• [Task description] For this exercise, restate every line below word for word and drop the images.

[Input data — start]

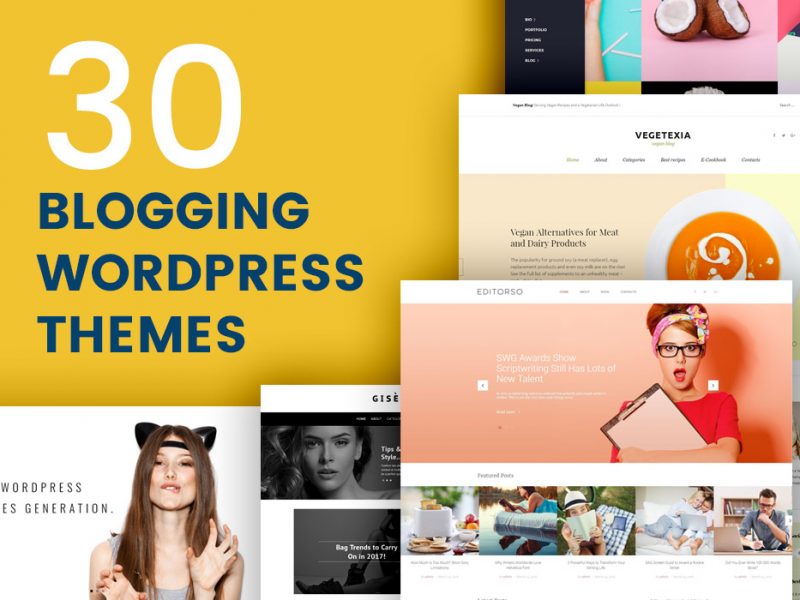 30 Blogging Wordpress Themes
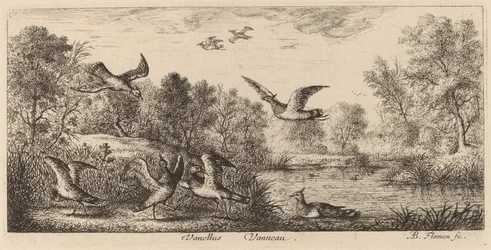 Vanellus, Der Kiebitz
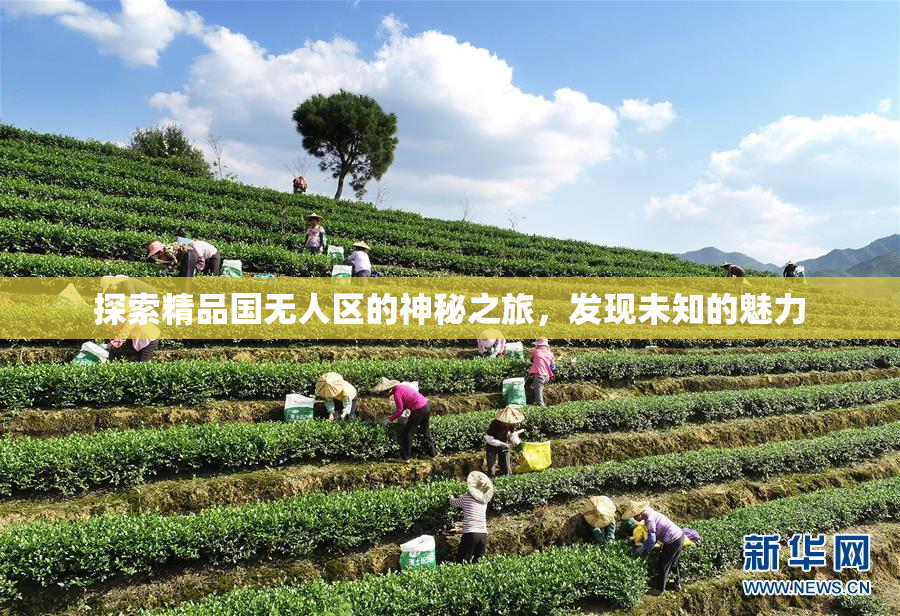 探索精品国无人区的神秘之旅，发现未知的魅力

[Input data — finish]

• [Reply to the task]
 30 Blogging Wordpress Themes
 Vanellus, Der Kiebitz
 探索精品国无人区的神秘之旅，发现未知的魅力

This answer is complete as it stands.